Acoustic Beamforming Algorithm

Question Mark

When reading the paper of acoustic beamforming of mask based algorithm, I am a bit lost on why do we need to split the signal to frequency bin.

https://arxiv.org/pdf/2005.09587v2.pdf

Above paper descirbes how the mask the calculated with a lot of terms

  • TDOA (Time Difference Of Arrival)
  • Stearing Vector (Used to cancel the phase differences)

But the logic behind that is not explained, why do we bother to split the spectrum to a set of frequency bin?

Answer

The reason is that the stearing vector depends on the frequency. As we could tell from the euqation 2.

Stearing Vector is used to cancel teh phase differences on the input signals to two microphones (or multiple microphones in other paper).

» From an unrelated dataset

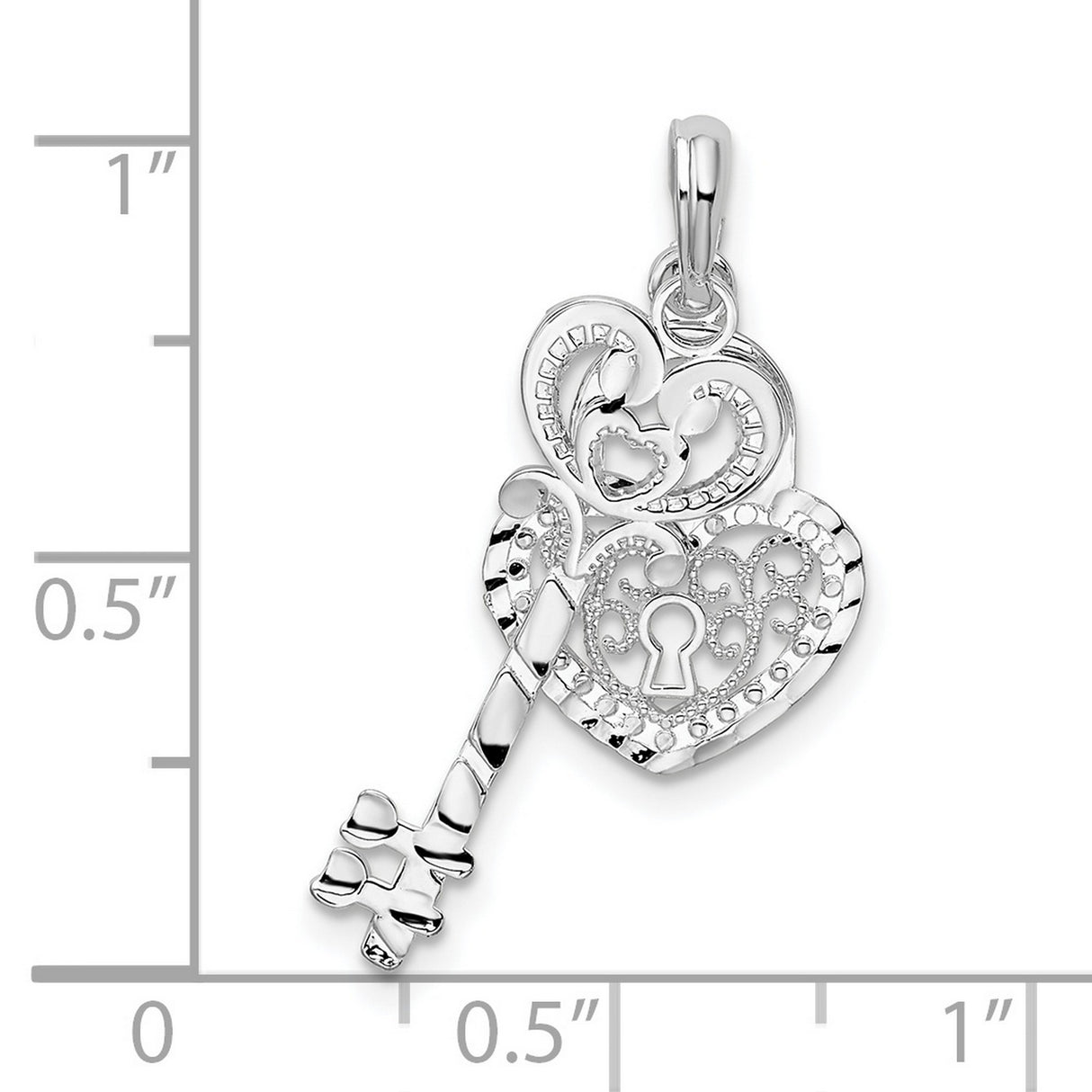 Sterling Silver Heart Key Pendant with Filigree Design and Keyhole Motif for Women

The vector depends on the frequency. If frequency changes, the vector changes as well.

Basic Concept

Why do we choose cross-spectrum to estimate the masks?

Because cross spectrum contains the information of the delay and colleration of two time series (two signals from two microphones).

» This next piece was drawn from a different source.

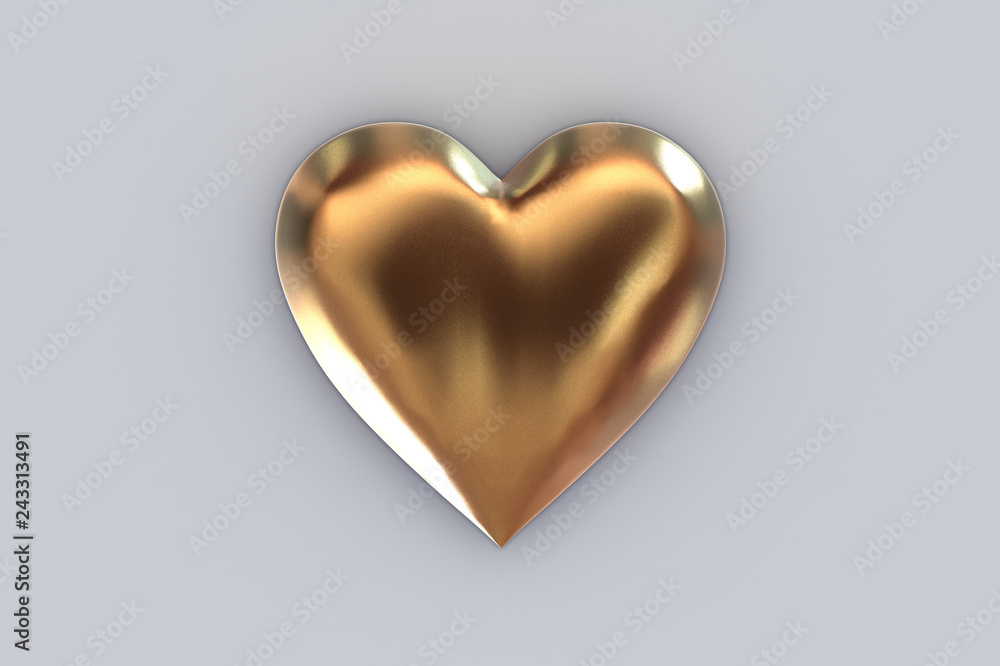 Valentine's Day abstract 3D illustration pattern with big shiny golden or gold metallic heart on gray background. Valentine's Day abstract 3D illustration pattern with big shiny golden or gold metallic heart on gray background.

Features from Cross-Spectrum

Again, Cross spectral analysis allows one to determine the relationship between two time series as a function of frequency. So this is the basic of the features.

In the mentioned paper, two features is extracted from the cross-spectrum

  • log absolute value of cross spectrum
  • and the phase from cross spectrum

Two features are concatenated as indicatied in equation 11.

Why do we need log absolute value? We want to make it as linear as possible, since deep learning framework is a linear system.

BLSTM

The deep learning allows to mapping the features to the masks.